Lucas Energy Acquires Delphic Properties

Purchase Will Immediately Increase Lucas Energy Earnings


HOUSTON, Dec. 20, 2006 (PRIME NEWSWIRE) -- Lucas Energy, Inc. (OTCBB:LUCE), a U.S. based independent oil and gas company today announced that it has acquired six oil wells located in Gonzalez, Texas from privately held Delphic Oil and Gas, LLC. The Delphic assets represent 4 properties with a total of 1172.29 acres. The properties hold oil and gas producing wells in the same area as another Lucas acquisition of 2,000 net acres with nine producing wells which were acquired in August, 2006.

The current purchase of the Delphic assets represents a total of six wells: four of which are operating and two additional wells which are currently shut in awaiting workover. The properties also contain additional acreage with offset drilling locations. These assets will immediately impact the company's profitability and be accretive to earnings.

The terms of the transaction included all assets of Delphic Oil and Gas in consideration of 1.6 million restricted common shares of Lucas Energy Inc., valued at $2.65 a share. Details are available on the Company's current report filed on Form 8-K, with the SEC which can be viewed at: http://www.sec.gov.

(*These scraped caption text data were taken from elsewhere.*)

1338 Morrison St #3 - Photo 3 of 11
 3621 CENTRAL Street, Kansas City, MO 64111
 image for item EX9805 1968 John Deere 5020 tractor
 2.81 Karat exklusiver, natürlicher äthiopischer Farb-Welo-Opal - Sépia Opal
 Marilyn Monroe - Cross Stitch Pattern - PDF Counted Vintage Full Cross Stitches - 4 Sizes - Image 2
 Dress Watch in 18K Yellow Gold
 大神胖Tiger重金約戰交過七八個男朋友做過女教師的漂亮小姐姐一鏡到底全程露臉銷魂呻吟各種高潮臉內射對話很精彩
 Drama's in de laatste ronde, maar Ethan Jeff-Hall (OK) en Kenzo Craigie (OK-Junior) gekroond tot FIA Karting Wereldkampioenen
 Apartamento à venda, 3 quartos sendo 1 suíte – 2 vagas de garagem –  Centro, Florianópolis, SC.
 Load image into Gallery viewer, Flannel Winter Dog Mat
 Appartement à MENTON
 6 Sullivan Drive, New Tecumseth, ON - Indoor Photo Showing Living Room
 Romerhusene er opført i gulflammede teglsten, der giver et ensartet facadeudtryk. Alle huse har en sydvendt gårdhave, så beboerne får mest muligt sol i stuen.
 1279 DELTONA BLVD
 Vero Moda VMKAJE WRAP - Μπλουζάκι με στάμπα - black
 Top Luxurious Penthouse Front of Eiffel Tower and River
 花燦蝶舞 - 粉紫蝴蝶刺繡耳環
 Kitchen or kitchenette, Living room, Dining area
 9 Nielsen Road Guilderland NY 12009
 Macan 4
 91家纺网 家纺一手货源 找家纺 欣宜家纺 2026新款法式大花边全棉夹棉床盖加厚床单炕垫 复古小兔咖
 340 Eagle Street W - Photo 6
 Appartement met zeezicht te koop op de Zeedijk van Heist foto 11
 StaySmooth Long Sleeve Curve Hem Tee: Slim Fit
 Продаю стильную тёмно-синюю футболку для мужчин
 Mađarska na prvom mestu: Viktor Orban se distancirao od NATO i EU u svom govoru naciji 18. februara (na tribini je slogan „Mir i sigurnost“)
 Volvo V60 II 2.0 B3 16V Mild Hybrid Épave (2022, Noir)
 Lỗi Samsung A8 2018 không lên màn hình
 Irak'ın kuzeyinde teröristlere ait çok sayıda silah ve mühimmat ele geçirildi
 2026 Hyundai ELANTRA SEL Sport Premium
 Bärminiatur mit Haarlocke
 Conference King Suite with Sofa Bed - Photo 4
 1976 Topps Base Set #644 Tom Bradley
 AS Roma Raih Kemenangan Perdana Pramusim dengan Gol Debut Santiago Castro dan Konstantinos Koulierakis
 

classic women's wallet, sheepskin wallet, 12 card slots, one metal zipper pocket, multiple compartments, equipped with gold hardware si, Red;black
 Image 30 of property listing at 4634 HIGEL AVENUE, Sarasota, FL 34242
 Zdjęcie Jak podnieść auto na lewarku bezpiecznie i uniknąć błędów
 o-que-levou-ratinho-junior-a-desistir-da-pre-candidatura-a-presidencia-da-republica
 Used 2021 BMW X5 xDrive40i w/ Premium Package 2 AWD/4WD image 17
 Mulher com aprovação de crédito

James J. Cerna, Chief Executive Officer of Lucas Energy, stated, "The purchase of the Delphic assets worked well because the properties are in the heart of our operation and will be accretive to the Company's bottom-line earnings. This acquisition also affirms and strengthens our business model, because it fulfills a number of mission critical benchmarks we require when considering an investment: profitability, future production value, and upside potential. The Lucas strategy calls for growth through timely and accretive acquisitions as well as growth through its own proprietary revitalization methodologies."

The Delphic transaction was completed after careful analysis and testing of the wells and properties.

Lucas Energy, Inc. (OTCBB:LUCE) (www.lucasenergy.com) is an independent oil and gas company building a diversified portfolio of valuable oil and gas assets in the United States. The Company reported revenues improved by 406% to $548,421 for the six-month period ended September 30, 2006, as compared to revenues $108,401 for the same six-month period of 2005, record net income increased 684% to $183,471 for the six-months ended September 30, 2006 up from $23,395 for the six-months ended September 30, 2005. The company is focused on identifying underperforming oil and gas assets, which are revitalized through a meticulous process of evaluation, application of modern well technology, and stringent management controls. This process allows the company to increase its asset base and cash flow, while significantly reducing the risk of traditional exploration projects. Lucas Energy's financial structure allows it to minimize the high overhead of traditional E&P companies. For more information, visit http://www.lucasenergy.com. The Company's headquarters are located at 3000 Richmond Avenue, Suite 400, Houston, Texas 77040.

"Safe-Harbor" Statement Under the Private Securities Litigation Reform Act of 1995. This press release contains forward-looking information within the meaning of Section 21E of the Securities Exchange Act of 1934, as amended (the `"Exchange Act"), including statements regarding potential sales, the success of the company's business, as well as statements that include the word "believe" or similar expressions. Such forward-looking statements involve known and unknown risks, uncertainties and other factors that may cause the actual results, performance or achievements of Lucas Energy to differ materially from those implied or expressed by such forward-looking statements. This press release speaks as of the date first set forth above and Lucas Energy assumes no responsibility to update the information included herein for events occurring after the date hereof. Actual results could differ materially from those anticipated due to factors such as the lack of capital, timely development of products, inability to deliver products when ordered, inability of potential customers to pay for ordered products, and political and economic risks inherent in international trade.